View Source Pdf.Reader.CID.Decoder (ExPDF v1.0.1)

CID font decoder for Type0/Identity-H and Identity-V composite fonts.

Returns a decoder_fn() closure with the same contract as the simple-font decoder: (binary() -> {String.t(), [{non_neg_integer(), binary()}]}).

Resolution cascade (per CID)

  1. ToUnicode CMap — if the font has a /ToUnicode stream, its bf_char/ bf_range entries are checked first (most specific).
  2. Adobe registry table/CIDSystemInfo /Ordering maps to one of the four bundled collection modules (AdobeJapan1, AdobeCNS1, AdobeKorea1, AdobeGB1). O(1) pattern-match dispatch.
  3. U+FFFD fallback — unresolved CIDs yield U+FFFD plus a sentinel tuple {idx, "cid:0xHHHH"} appended to the unresolved list.

__test_cmap__ shortcut

For unit tests, a pre-parsed %Pdf.Reader.CMap{} can be injected by storing it in the font dict under the key "__test_cmap__". This bypasses stream resolution. (Mirrors the same shortcut in Pdf.Reader.Font.)

Width / advance computation

This module handles character decoding only (bytes → Unicode text). Glyph advance widths (/W and /DW entries on the DescendantFonts[0] dict) are read separately by Pdf.Reader.Font.Widths (§ 9.7.4.3). The two concerns are intentionally kept in separate modules: decoding and advance computation are independent of each other.

Spec references

Summary

Functions

Build a CID decoder closure from a Type0 font dict.

Build a predefined CMap decoder closure from a Type0 font dict whose /Encoding names a bundled predefined CMap (e.g. UniJIS-UTF16-H).

Types

@type decoder_fn() :: (binary() -> {String.t(), [{non_neg_integer(), binary()}]})

Functions

@spec build(map(), Pdf.Reader.Document.t()) ::
  {:ok, decoder_fn(), Pdf.Reader.Document.t()} | {:error, term()}

Build a CID decoder closure from a Type0 font dict.

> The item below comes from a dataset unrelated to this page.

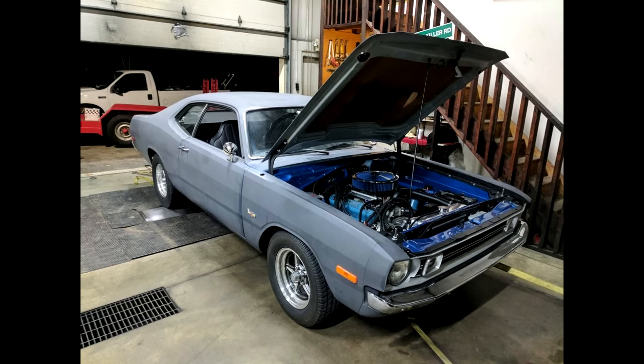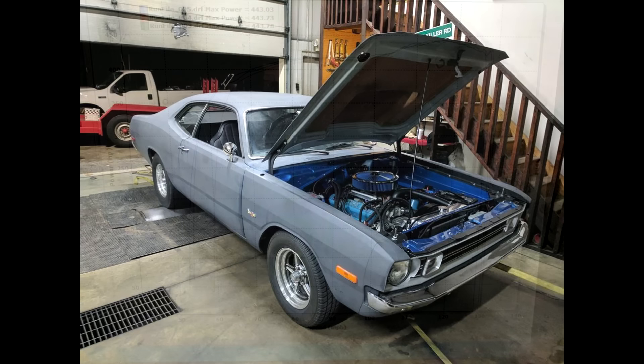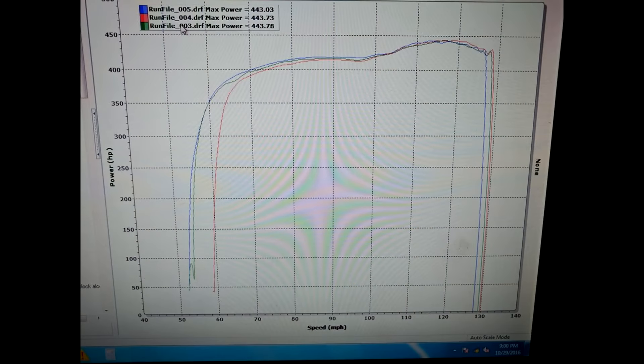Some of you can probably guess. This is running fuel injection — it's running EFI Source EMS Pro ECU, which is a modified Megasquirt 1, using a crank trigger and the distributor and everything. He has 60-pounders in it left over from another project — a little bit big, but fine for this.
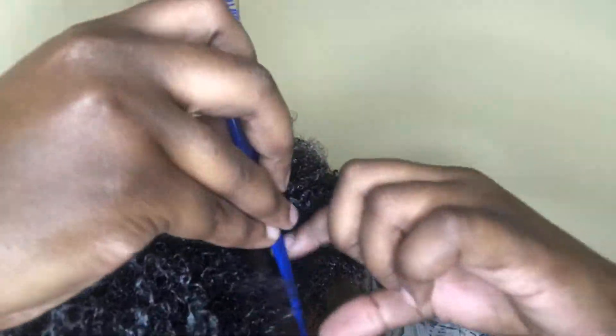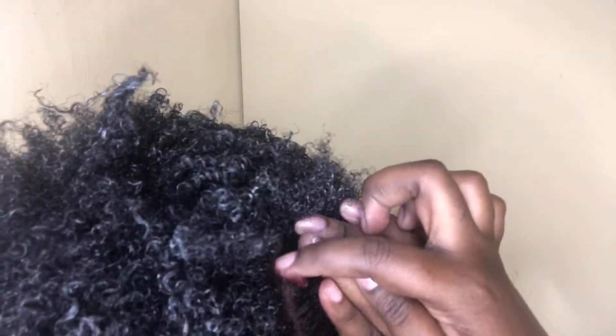It still came out great because, as you can see, there's a little bit of curl in it. After completing everything, I went ahead to style my hair by making a side part just to give it more of a going-somewhere look. So yeah, that's basically what I'm doing — just going to style and then yeah.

font_dict is the top-level Type0 font dictionary (already resolved). Reads DescendantFonts, CIDSystemInfo, CIDToGIDMap, and ToUnicode.

Returns {:ok, decoder_fn, updated_doc}.

Link to this function

build_predefined(font_dict, doc)

View Source
@spec build_predefined(map(), Pdf.Reader.Document.t()) ::
  {:ok, decoder_fn(), Pdf.Reader.Document.t()} | {:error, term()}

Build a predefined CMap decoder closure from a Type0 font dict whose /Encoding names a bundled predefined CMap (e.g. UniJIS-UTF16-H).

Resolution cascade per code token (PDF 1.7 § 9.7.5, D9):

  1. ToUnicode CMap — if present, checked first (most specific).
  2. Predefined CMapcidcharcidrangenotdef lookup.
  3. Adobe registry table — CID → Unicode via AdobeJapan1/CNS1/Korea1/GB1.
  4. U+FFFD fallback — unresolved codes yield U+FFFD + sentinel.

Returns {:ok, decoder_fn, updated_doc}.